• [WHAT IS BEING ASKED]: Nothing but the lines from the one containing "Just for You" through the last line of the data below should be returned, each exactly as it stands, pictures excluded.

(Extracted data entries)
§ §

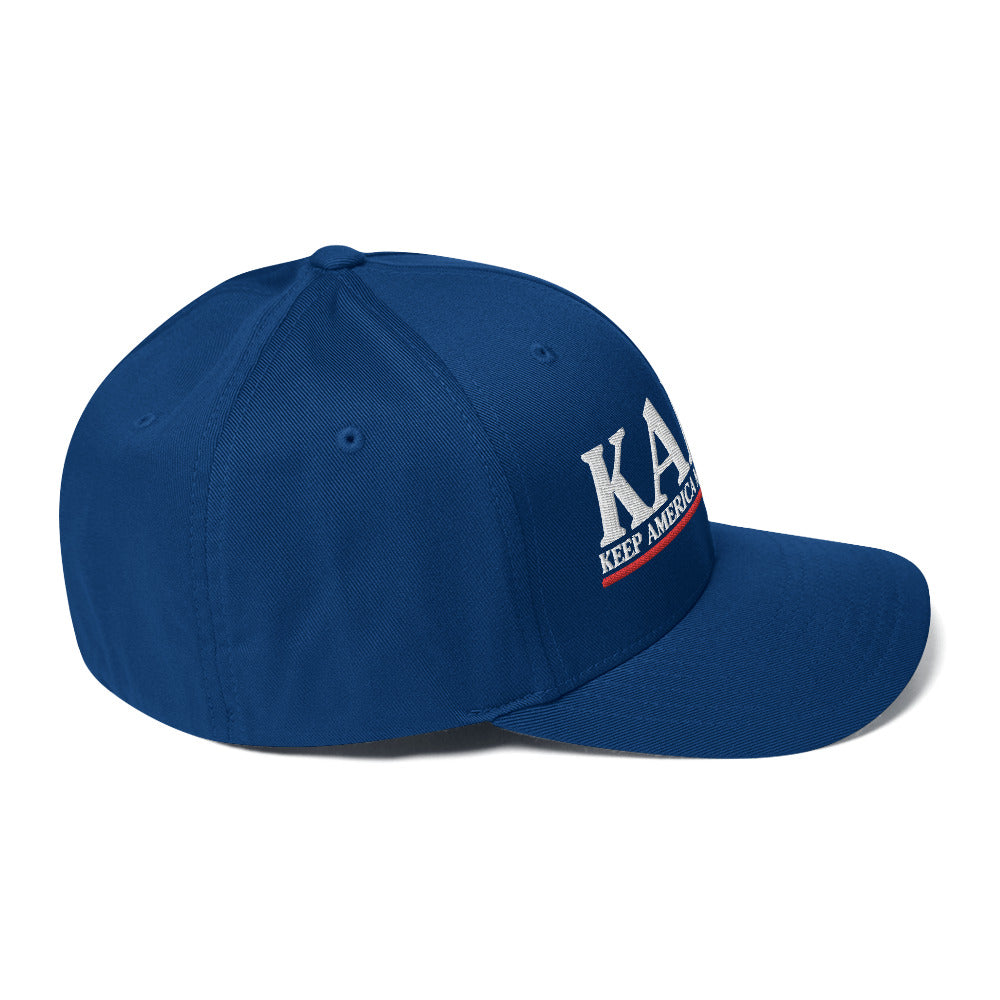 KAMA KEEP AMERICA MOVING AHEAD™ CAP - BLUE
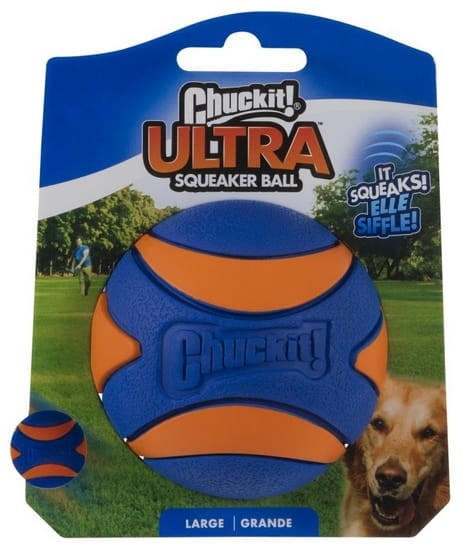 Chuckit! Ultra Squeaker Ball Large
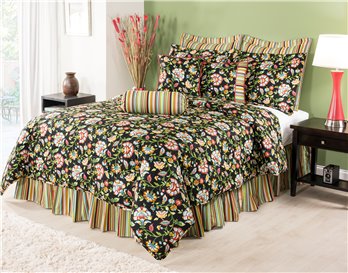 Cambridge Bed Skirt-Full with 15" drop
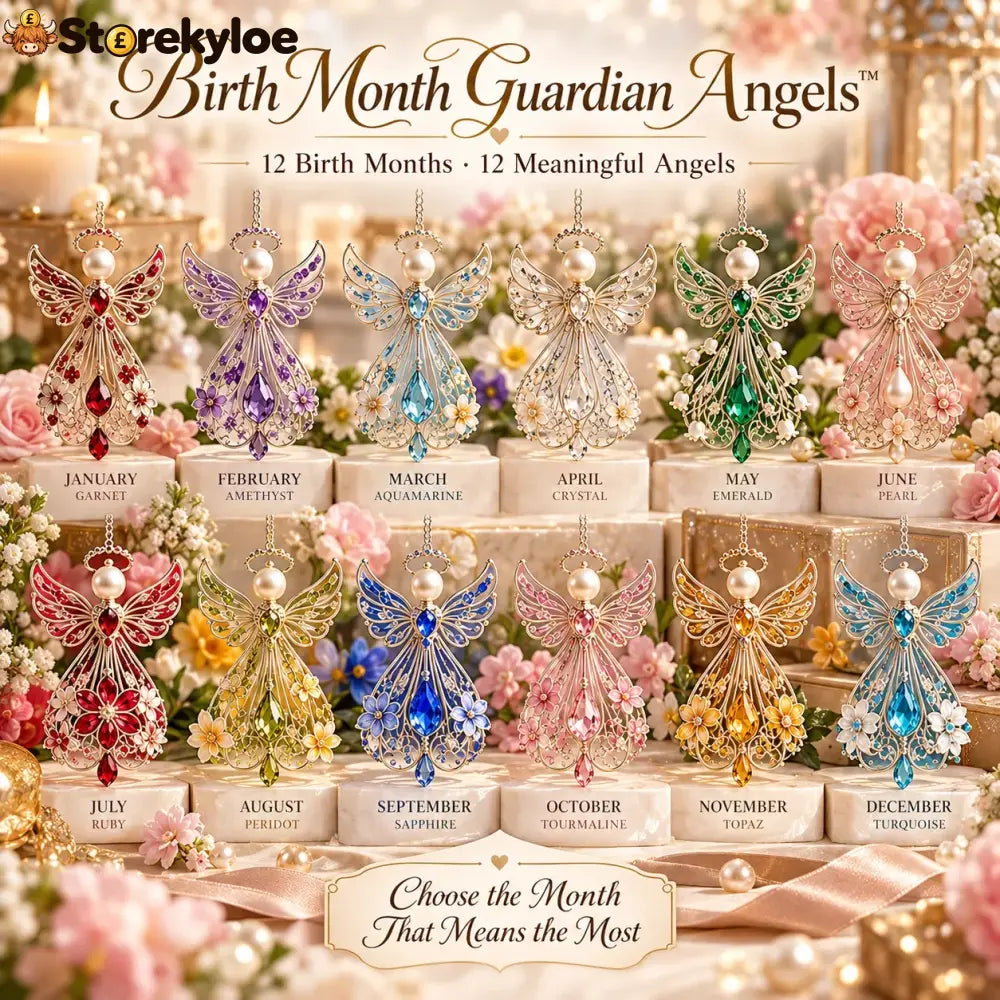 ✨👼 Birth Month Guardian Angels, An Angel Chosen Just for You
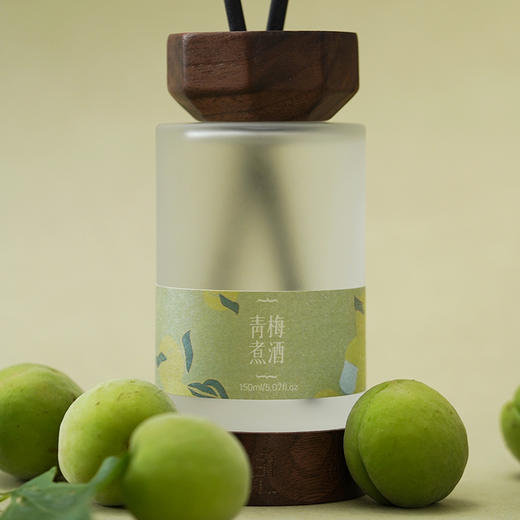 香薰记青梅煮酒香薰香氛东方香辛香果香青梅子香小众高级室内持久家用送礼 商品图1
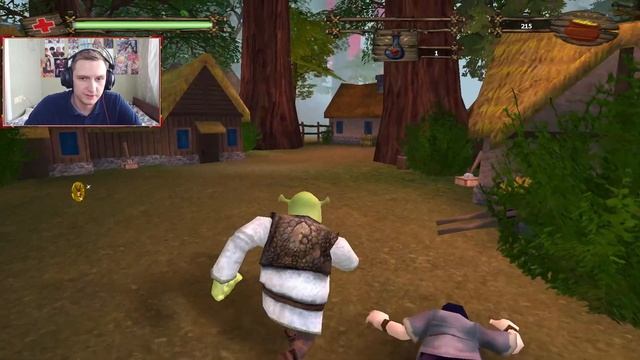 Shrek 2 Полное прохождение на Русском | Shrek 2 Walkthrough ➤ СТРИМ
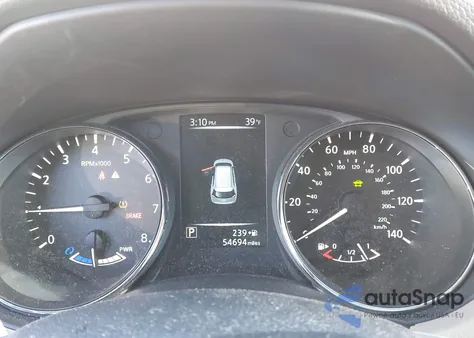 2017 Nissan Rogue Hybrid Sl from USA, damaged, VIN 5N1ET2MVXHC768895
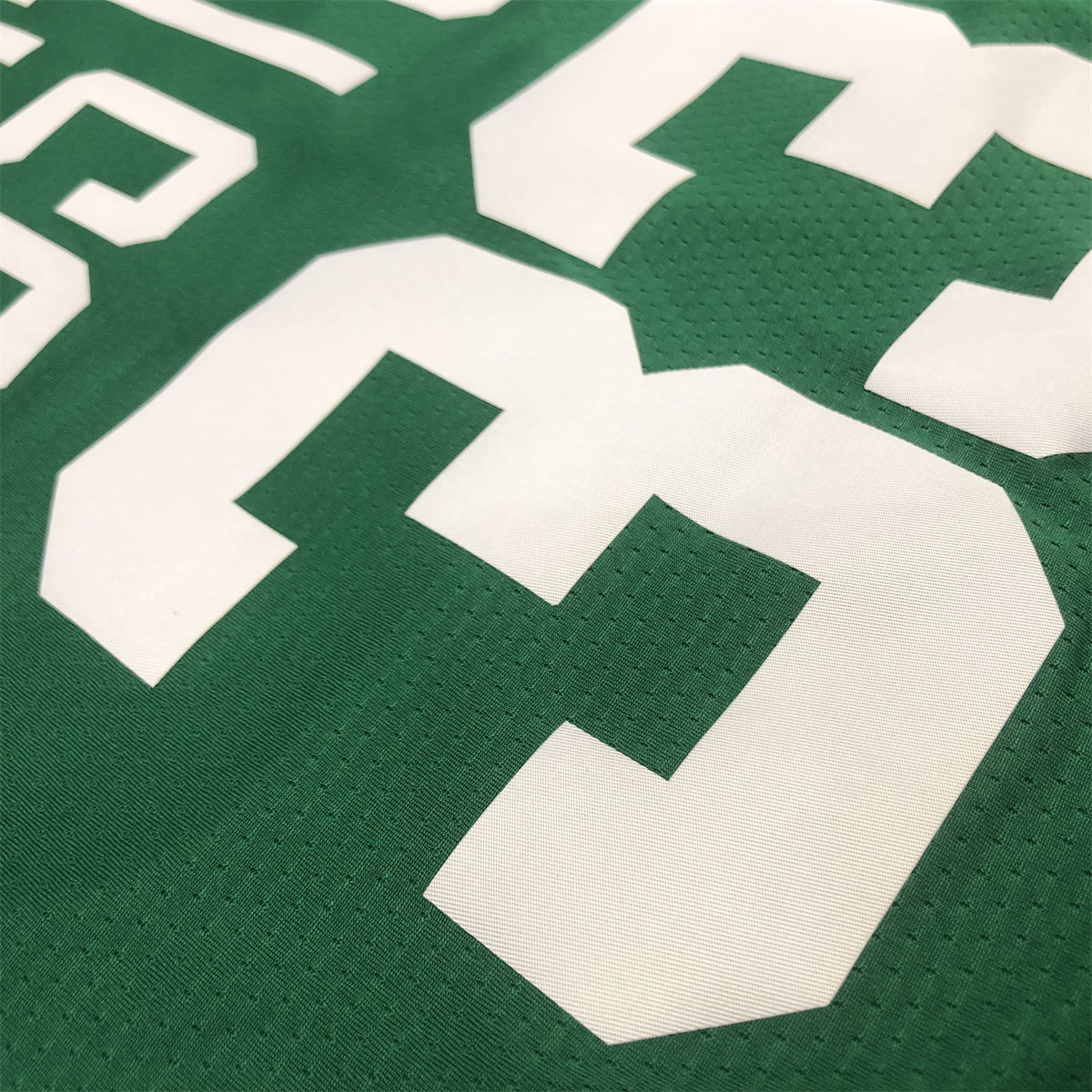 NBA Boston Celtics round neck Retro Green Jersey Bird#33 S-XXL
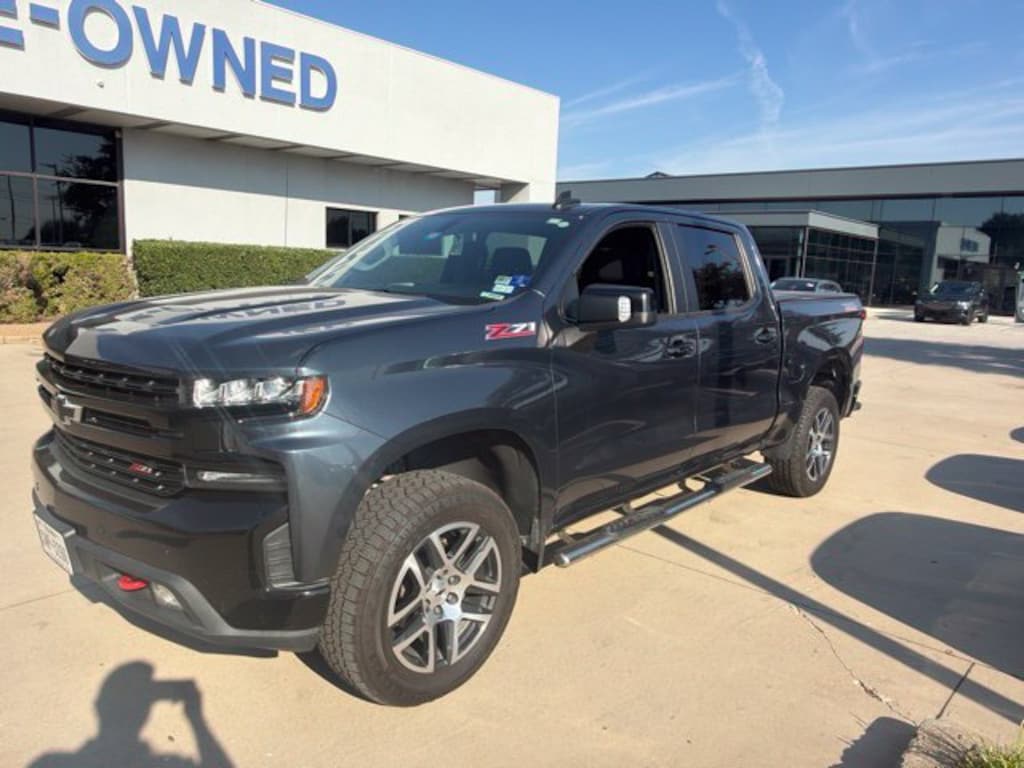 Used 2019 Chevrolet Silverado 1500 LT Trail Boss Truck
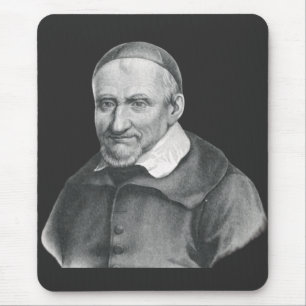Heiliger Vinzenz von Paul Sanfte Barmherzigkeit Ku Mousepad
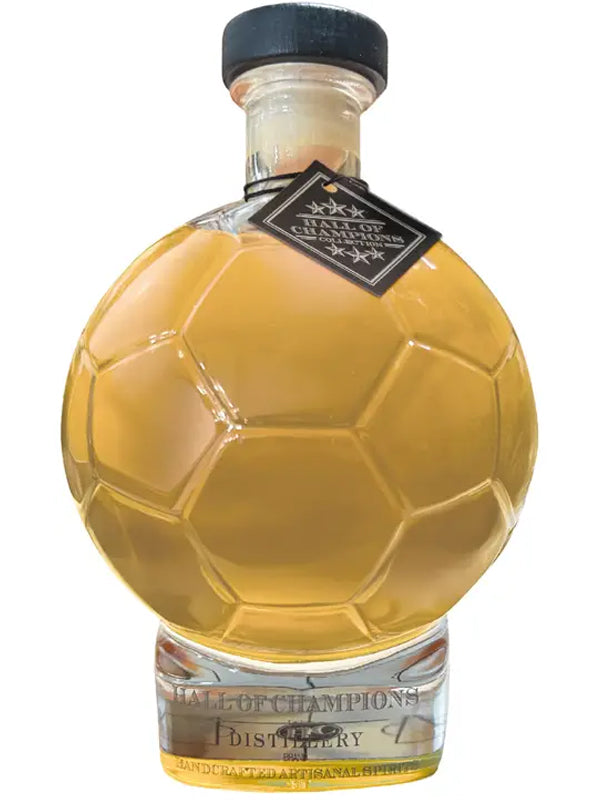 Hall of Champions Soccer Ball Decanter Reposado Agave Spirit 750ML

§ §

• [RESPONSE TO THIS EXERCISE]:
 ✨👼 Birth Month Guardian Angels, An Angel Chosen Just for You
 香薰记青梅煮酒香薰香氛东方香辛香果香青梅子香小众高级室内持久家用送礼 商品图1
 Shrek 2 Полное прохождение на Русском | Shrek 2 Walkthrough ➤ СТРИМ
 2017 Nissan Rogue Hybrid Sl from USA, damaged, VIN 5N1ET2MVXHC768895
 NBA Boston Celtics round neck Retro Green Jersey Bird#33 S-XXL
 Used 2019 Chevrolet Silverado 1500 LT Trail Boss Truck
Heiliger Vinzenz von Paul Sanfte Barmherzigkeit Ku Mousepad
 Hall of Champions Soccer Ball Decanter Reposado Agave Spirit 750ML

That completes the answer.